Minister for Finance Michael Noonan has defended the Government's handling of the sale of 13,000 mortgages, which were issued by Irish Nationwide.

Mr Noonan said there would be no change in the contractual position for individuals who hold the mortgages, regardless of who purchases it.

However, the homeowners are concerned they could lose basic protections under the Code of Conduct on Mortgage Arrears, which are separate to the legal terms of a loan.

The code only applies to companies that are regulated by the Central Bank.

But mortgage holders fear their loans could be bought by an unregulated, so-called 'vulture fund'.

The mortgages are being sold by the liquidators of IBRC, which is made up of the former Irish Nationwide and Anglo Irish Bank.

The issue was highlighted in a report on RTÉ's Prime Time on Monday night.

Mr Noonan said the Irish Nationwide mortgage book was not the first mortgage book that had been sold.

He said two tranches of mortgages had been sold already.

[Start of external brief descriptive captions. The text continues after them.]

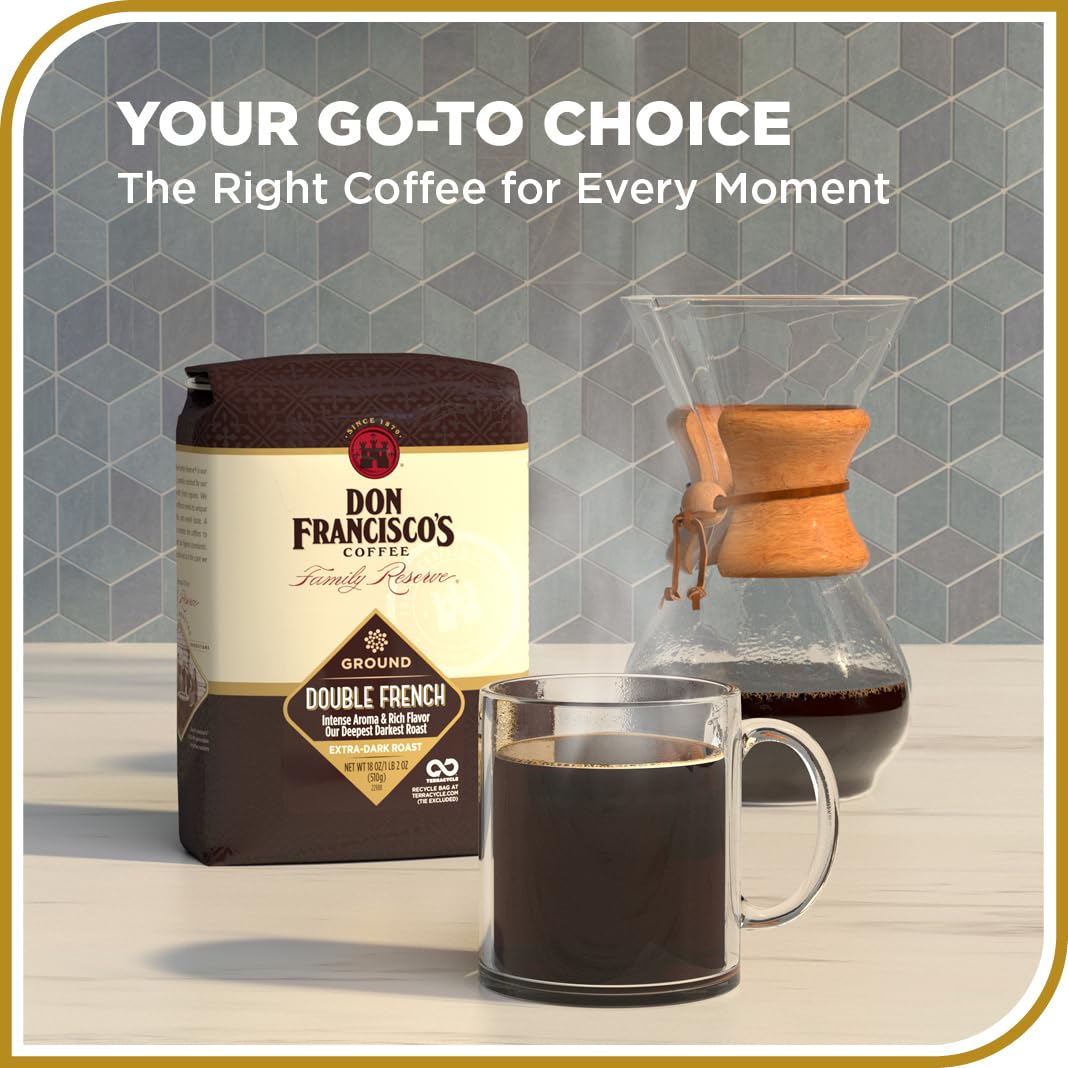 Don Francisco's Double French Deep Roast releases intense aroma and bold flavor.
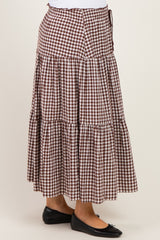 Brown Gingham Tiered Maternity Maxi Skirt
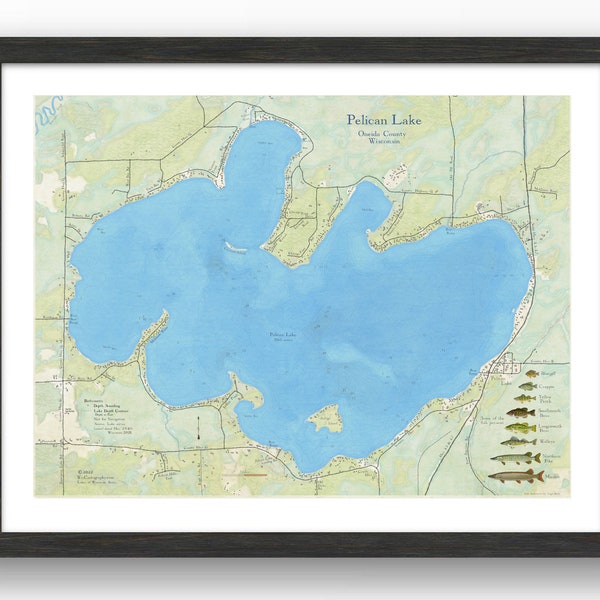Pelican Lake Oneida County Map Etsy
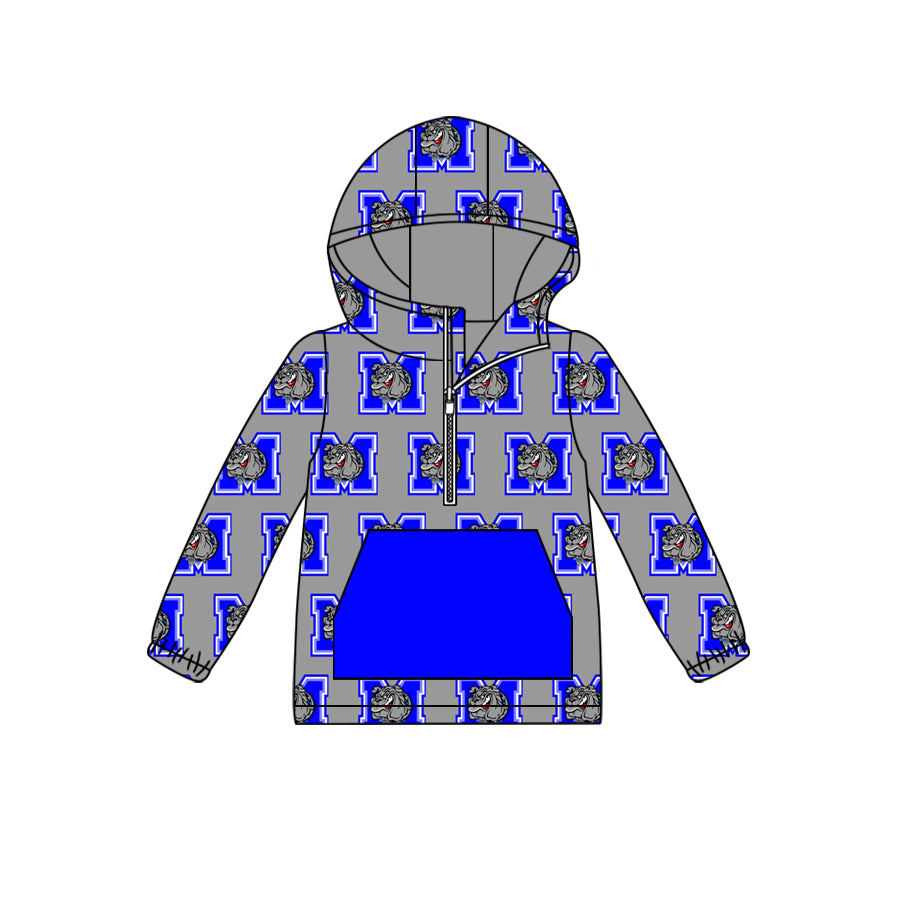 (Custom Design Preorder MOQ 5) Team's Milford Blue Print Kids Fall Zipper Hoodie Top
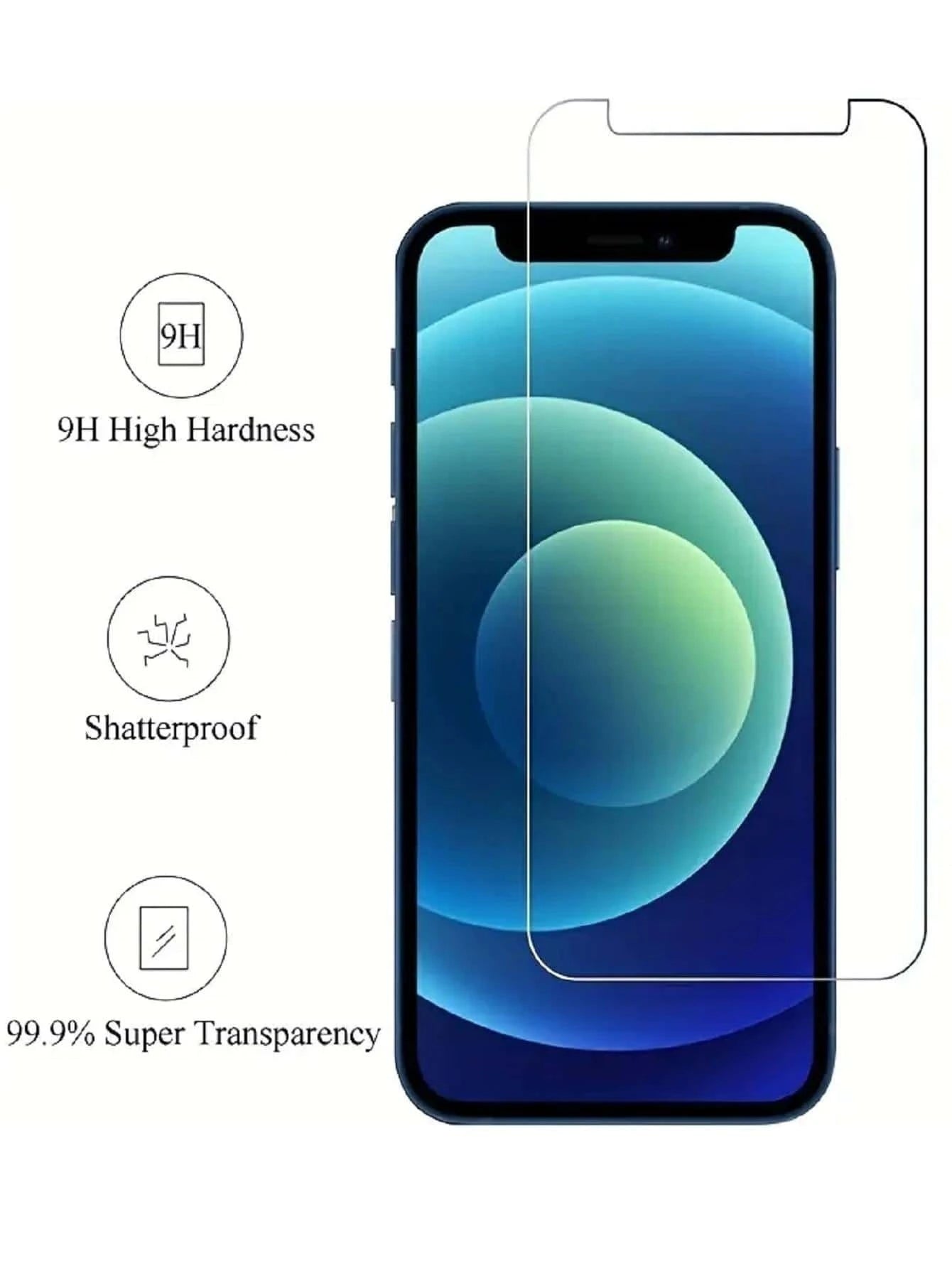9302 2t-ProPa Protector de pantalla de vidrio templado de 3 piezas compatible con iPhone
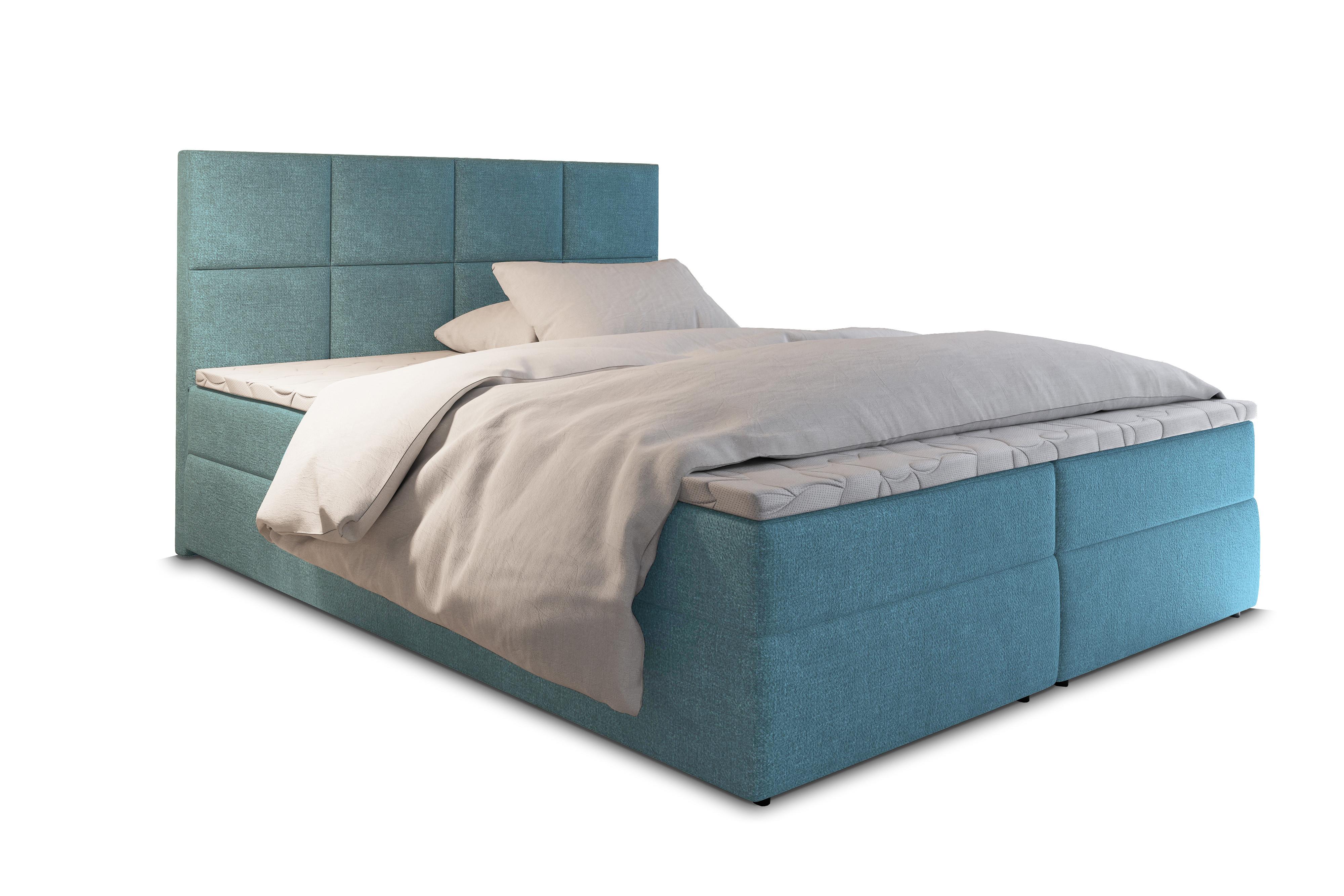 BOXBETT LENA 160x200 cm mit Matratze und Topper - Blau - Hellblau, Holz (160/200cm) - MASSENO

In both cases, he said, the purchasers were outside the regulatory system and voluntarily agreed to apply all the Central Bank protocols for dealing with customers in mortgage arrears.

He said in the small number of cases that go to court for repossession, a lender would be asked if they had fulfilled all the obligations under the Central Bank protocols, and the court would not issue an order unless they had.

He said he would wait and see who buys it and then he will advise them that there are protocols in Ireland and that they are expected to fulfil them.

He said it was his objective that when the mortgage books are sold, the mortgage holders would have the same level of protection that they do at present.

Meanwhile, Fianna Fáil has published proposed legislation aimed at protecting mortgage holders whose loans are sold to unregulated third parties.

The Protection of Residential Mortgage Account Holders Bill 2014 was published today.